Der Berliner Bischof Markus Dröge erklärte, "diejenigen Flüchtlinge, die zu uns kommen, haben ein Recht darauf, fair und menschenwürdig behandelt zu werden". Wer in seiner Heimat verfolgt wird, müsse Asyl beantragen können, heißt es in einem Beitrag des evangelischen Theologen für die "Berliner Zeitung" (Montagsausgabe).  "Und wer hier legal eine Arbeit sucht, soll die Möglichkeit dazu erhalten", betonte Dröge. Nötig sei daher eine humanitäre EU-Flüchtlingspolitik.

Mit Blick auf die Flüchtlingstragödien vor Lampedusa erklärte Dröge: "Es ist unwürdig angesichts dieser Schicksale von einer Flüchtlingswelle zu reden, als handelte es sich um eine Naturgewalt, der man sich mit allen Mitteln der Technik entgegen zu stellen hat." Vielmehr kämen junge Menschen "mit letzter Hoffnung, in großer Verzweiflung und bescheidenen Träumen von einem besseren Leben". Andere würden vor Krieg und Gewalt fliehen.

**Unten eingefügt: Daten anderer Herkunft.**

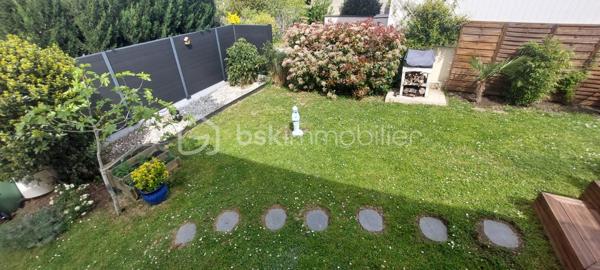 Maison de 87,14 m²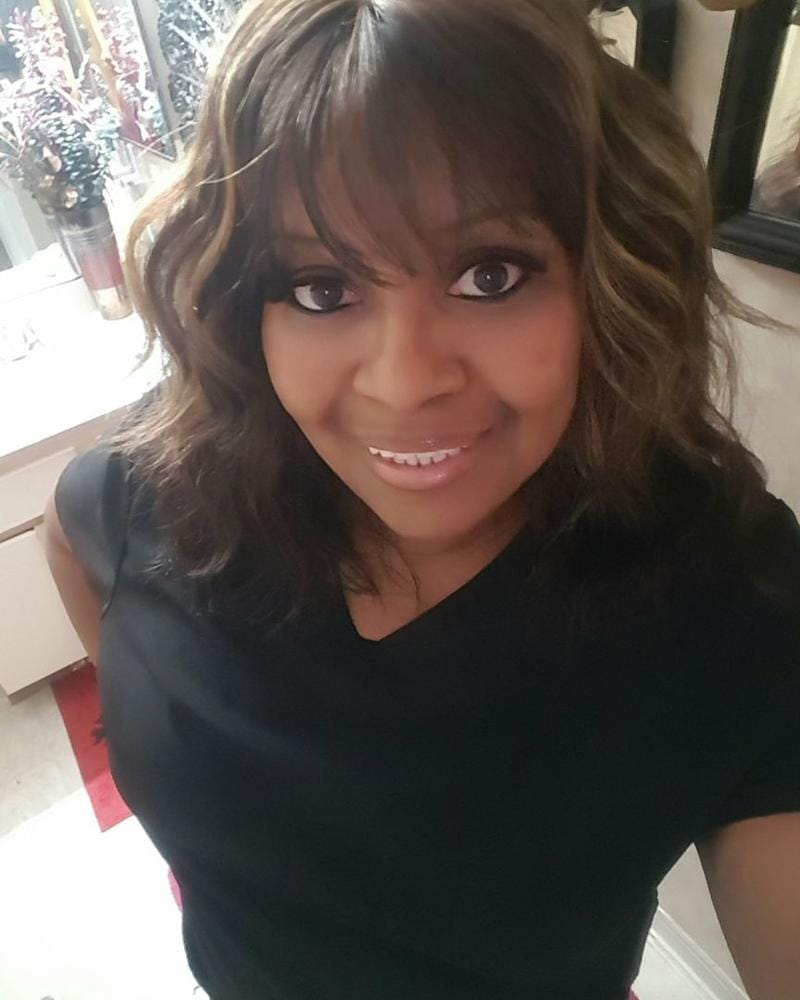 Customer photo review of Freetress Equal Wig SONEL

Bibel erzählt auf vielfältige Weise von Gastfreundschaft

Die biblische Weihnachtserzählung verpflichtet nach Ansicht des badischen evangelischen Landesbischofs Ulrich Fischer dazu, Flüchtlingen und anderen Heimatlosen in Deutschland eine Heimat zu geben. Die Bibel erzähle auf vielfältige Weise, dass Gastfreundschaft für Flüchtlinge ein zentrales göttliches Gebot sei, schreibt Fischer in seiner Weihnachtsbotschaft.

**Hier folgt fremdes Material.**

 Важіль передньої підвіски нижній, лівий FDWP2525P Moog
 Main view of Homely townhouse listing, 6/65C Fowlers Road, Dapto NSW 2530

Der hessen-nassauische Kirchenpräsident Volker Jung (Darmstadt) hob in seiner Weihnachtsbotschaft die Bedeutung der Menschenwürde und der Freiheit hervor. Umso bedrückender seien alle Verletzungen der Menschenrechte, wie sie die Opfer des Kriegs in Syrien und viele Flüchtlinge erlebten, sagte Jung.

Die mitteldeutsche Landesbischöfin Ilse Junkermann (Magdeburg/Erfurt) ermutigte dazu, zu jenen Menschen zu gehen, "die am Rande stehen" sowie anderen ein Willkommen zu bereiten, "die aus der Ferne zu uns kommen". In diesem Sinne gehöre zum Schenken auch "ein klares Nein zu jeder Menschenverachtung" und Zeit für Kinder aufzuwenden, die in armen Verhältnissen leben und deshalb von Beginn an schlechtere Chancen hätten, betonte die leitende Geistliche der Evangelischen Kirche in Mitteldeutschland.